Bernard: Absolutely not. The best part of my day was getting out of there. The only job I liked was the last regular job I held, refinishing pianos. I ended up working there for almost 2 years after the Peech Boys had some troubles. I was good at it. My friends would send their guitars over for me to refinish. That was a cool job, even though I still wished I was in the studio and on stage, making music.
RF: That was also quite awhile ago?
Bernard: Yes. I was at that job, refinishing a 7 foot Bosendorfer piano when the news that John Lennon had died came over the radio.
RF: Your function with the Stones is usually referred to as ‘background singer’, but you’re a percussionist on stage as well, and that factors into a lot of Stones songs. Word is that you can play a bunch of instruments, but I’ve never seen you perform with one.

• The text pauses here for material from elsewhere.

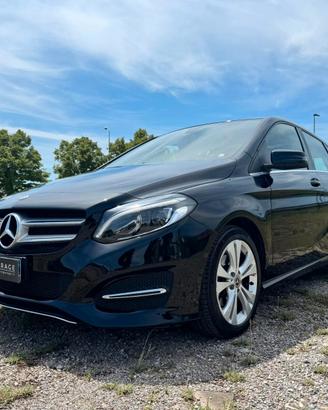 Mercedes-benz B 200 d Automatic Premium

Bernard: I don’t really play, as much as I fiddle. When I’m recording or performing, I leave the real playing to the real players. I do always have a guitar in the house, and my first instrument was upright bass. When I was young I needed another class on my school schedule, when the music teacher saw me and pulled me aside. He said, “ You’re big and tall and have long arms. You should come in here and learn the upright bass. You can get your hands around this instrument.”
RF: [laughs] I can definitely see you rocking the upright.

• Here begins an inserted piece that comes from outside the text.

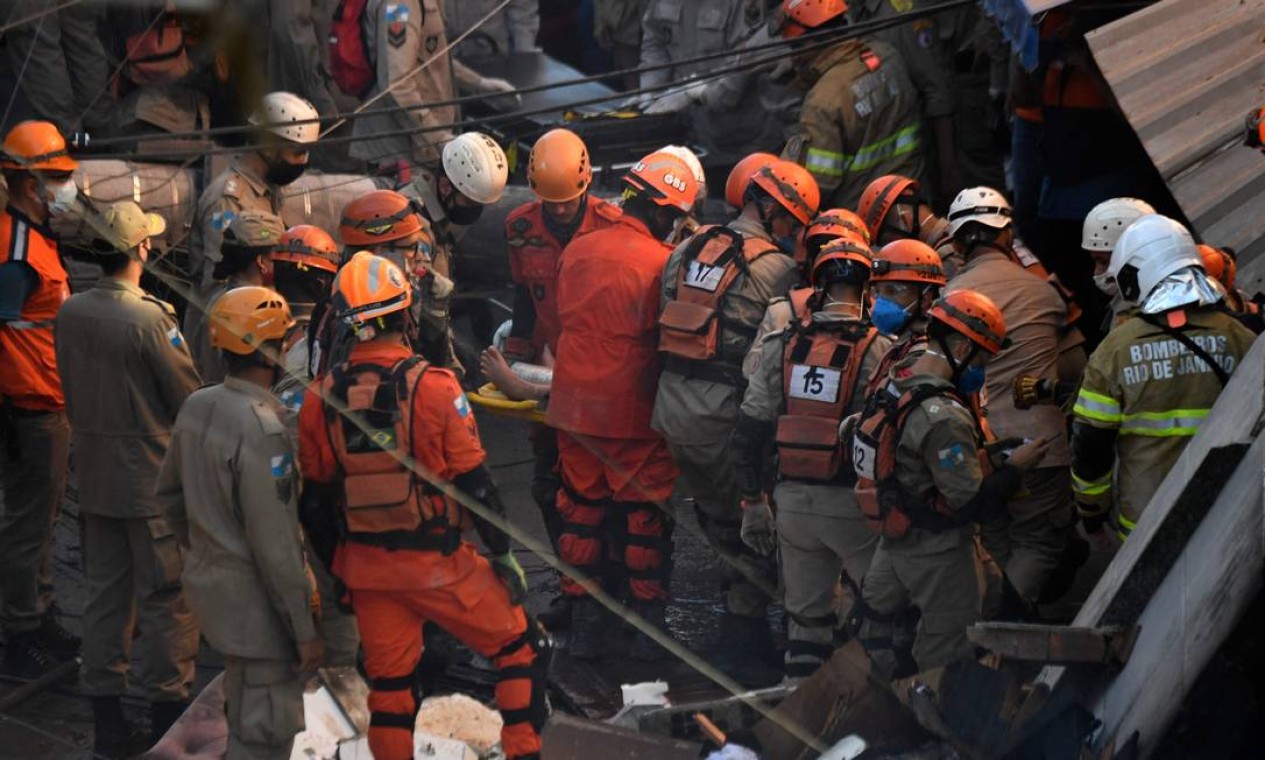 Bombeiros conseguem retirar com vida uma vítima do desabamento identificada como Kiara Abreu Foto: MAURO PIMENTEL / AFP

Bernard: I played it for awhile and moved on to trombone, but eventually realized that my vocals were a lot better than my trombone playing. I said, “Bernard, you need to concentrate on singing.”
RF: You said that you let the real players play. On your own projects, those players include names like Slash, Chuck D, Steve Lukather (of Toto), members of Living Colour and even Ronnie (Wood), among many others. Most of these people are your friends. You seem like one of those musicians who prefer to have people around.
Bernard: Yes, absolutely. I enjoy the energy of other people. Also, I don’t know it all, and everything that I come up with is not great. I might have an idea, but someone else could have a better idea.
RF: Strength in collaboration.
Bernard: I’m a firm believer in that.
RF: Many other musicians apparently do as well, because they all seem to collaborate with you. [Bernard laughs] You’ve worked with artists as diverse as Willie Nelson and Yoko Ono, AC/DC and Duran Duran, the late Michael Hutchence, and most interestingly to me, Steven Seagal.
Bernard: You had to bring that one up didn’t you? [laughs]
RF: Of course [laughs]. You’ve worked with a number of musicians who have a reputation for being difficult, but Seagal sounds like he’d be a special case.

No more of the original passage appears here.